I too am a CRPS survivor, with full body CRPS for almost 20 years now. I have been in “Sarah’s” position more than once. One Doctor - a supposed expert in CRPS and RSD, actually told me he would no longer treat me based on my diagnosis, prognosis and medication needs. This happened at a Meds Visit when I had taken my last dose of pain meds that morning. I was out of meds, facing horrible pain without them, and now looking at withdrawal on top of it. I have never abused my medication, and my records show that by way of call in pill counts, pill counts at visits and random urine tests done at the Doctors office. None of that made a difference. I went through hell for weeks, godawful pain, no sleep, nasuea, vomiting, cramps, swetts - all the lovely things that come of being a pain patient going off meds abruptly. Did the Doctor care? Not a bit. Did he do anything illegal? Maybe. Did he violate his oath? Absolutly! Was he unethical? Of Course!

As a long term user of opioids for pain control, getting proper treatment is not easy, the press is making it worse as are all the medical pundits who decide that a pain patient who needs opioids must be a junky. Lovely label isn’t it. The real senario is that a pain patient with severe chronic pain just might turn to a substance purchased on the street because they cannot function with the pain they endure. This is what practices like the one “Sarah” went to - tried to go to - can actually cause. By breaking the law, and their hipocratic oath they are putting patients at risk. Sad but rue.


That same thing has happend to me multiple times here in Portland, oregon. After they here im a pain patient and 48 with medicare they tell me no.

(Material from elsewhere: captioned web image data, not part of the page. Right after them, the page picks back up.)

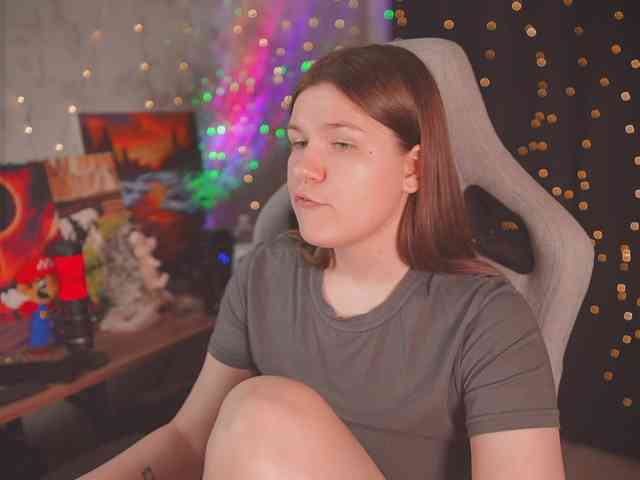 cutesoneckaaa webcam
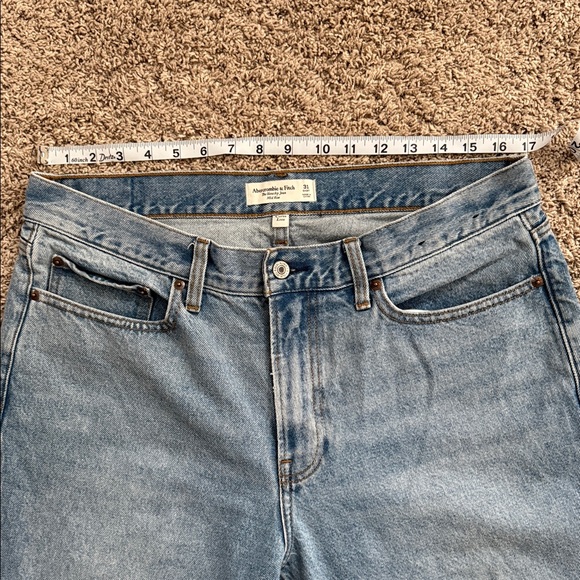 Abercrombie and Fitch Women’s Curve Love Mid Rise The Slouchy Jean size 31 Short - Picture 8 of 10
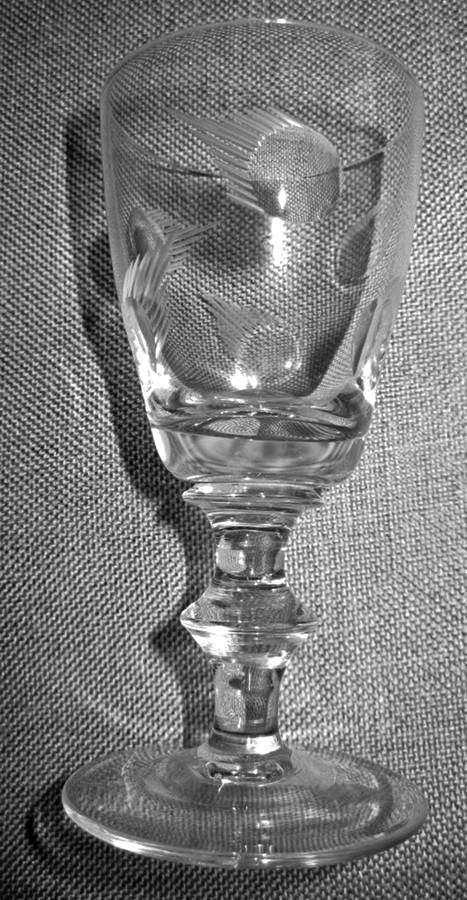UNK9379 Wine Glass by Unknown Manufacturer-1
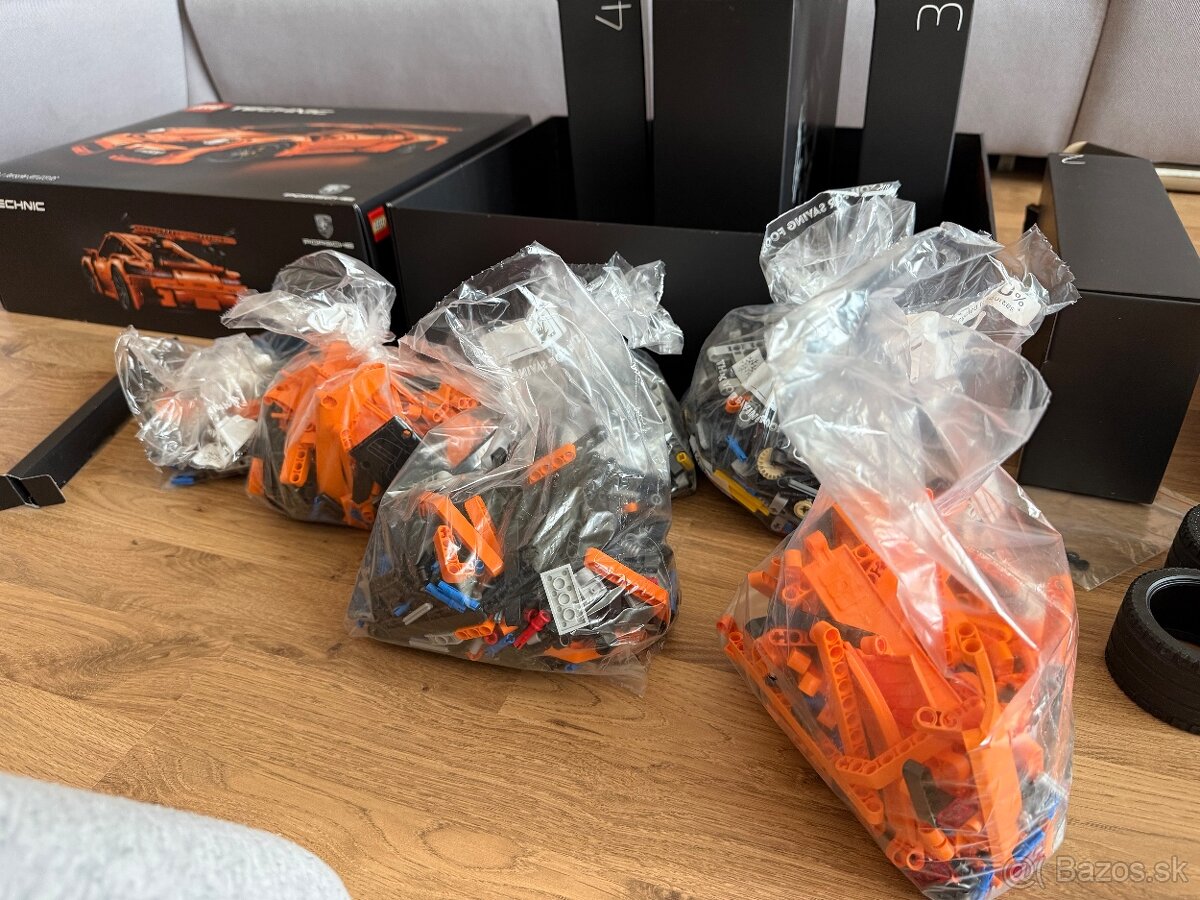 LEGO TECHNIC 42056 Porsche 911 GT3 RS - Z VÝSTAVKY - 17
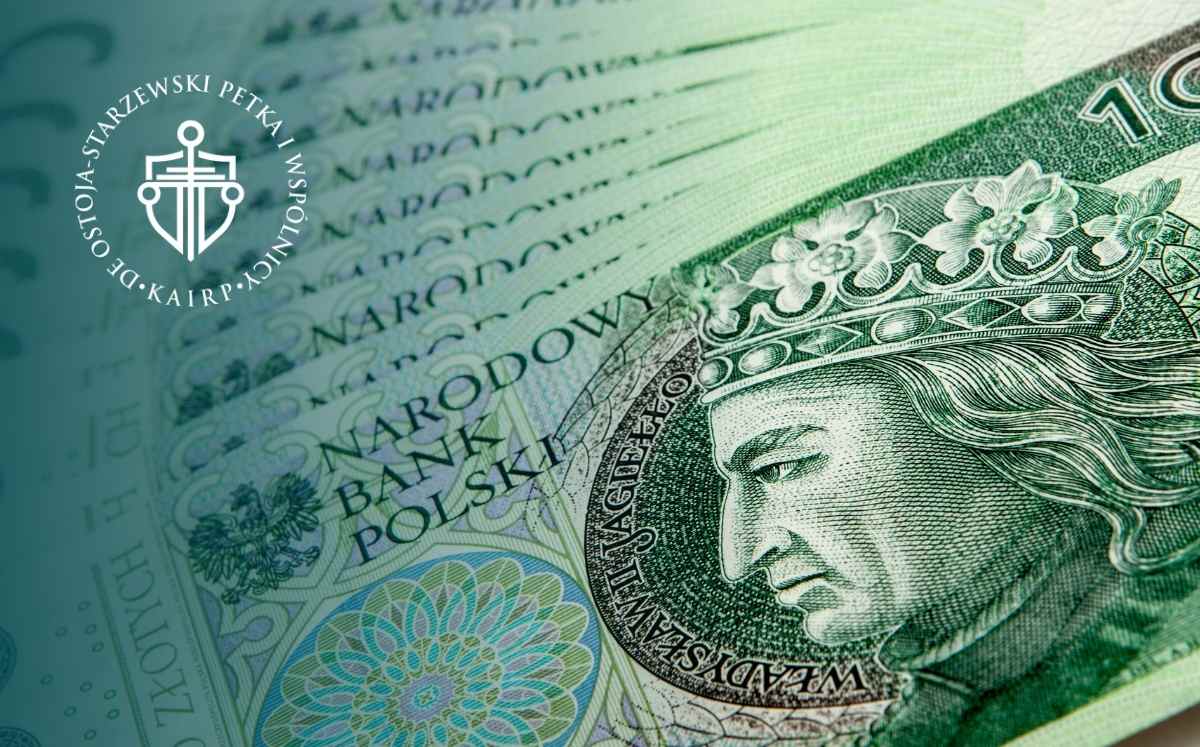 Zbliżenie na polski banknot 100 zł z półprzezroczystym logo kancelarii po lewej stronie.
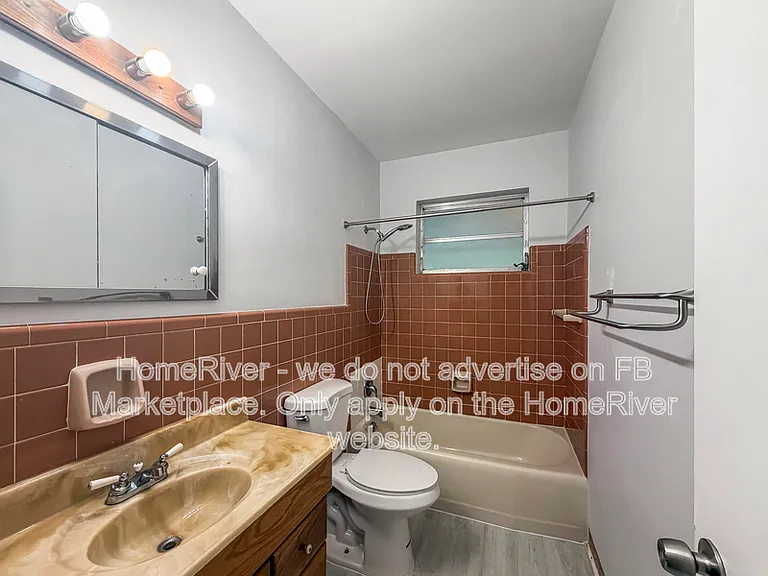 19531 Whispering Pines Rd — Photo 10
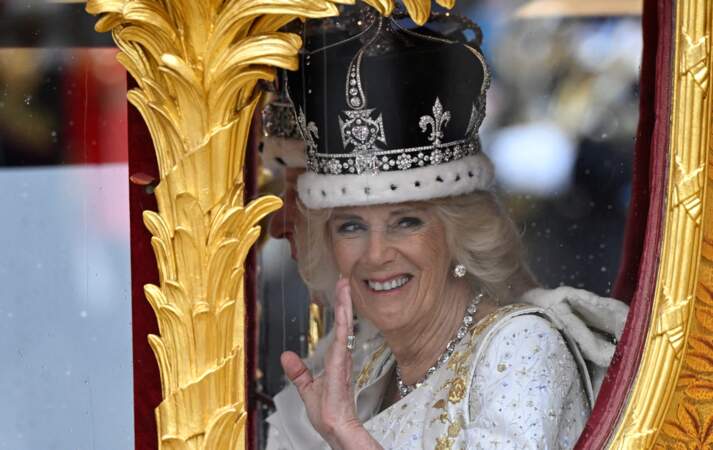 La reine Camilla à sa sortie de la cérémonie de couronnement du roi Charles III, à l'abbaye de Westminster, à Londres, le samedi 6 mai 2023.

Which it seems like i have tons of lawsuits! Right.


Good info but I have a couple of questions. With regard to SSDI and Medicare has the law changed since the late 1990’s? I was approved for both in July 1997 and had immediate access to Medicare. I know it seems to be changing on a regular basis which may explain the now two year delay referencec.

With regard to capitation, I thought it referred to certain referrals from your primary care physician referring you to see a sprcialist not requiring medical group approval. Maybe there are different areas with regard to capitation.


Please keep us posted as to the results of this complaint.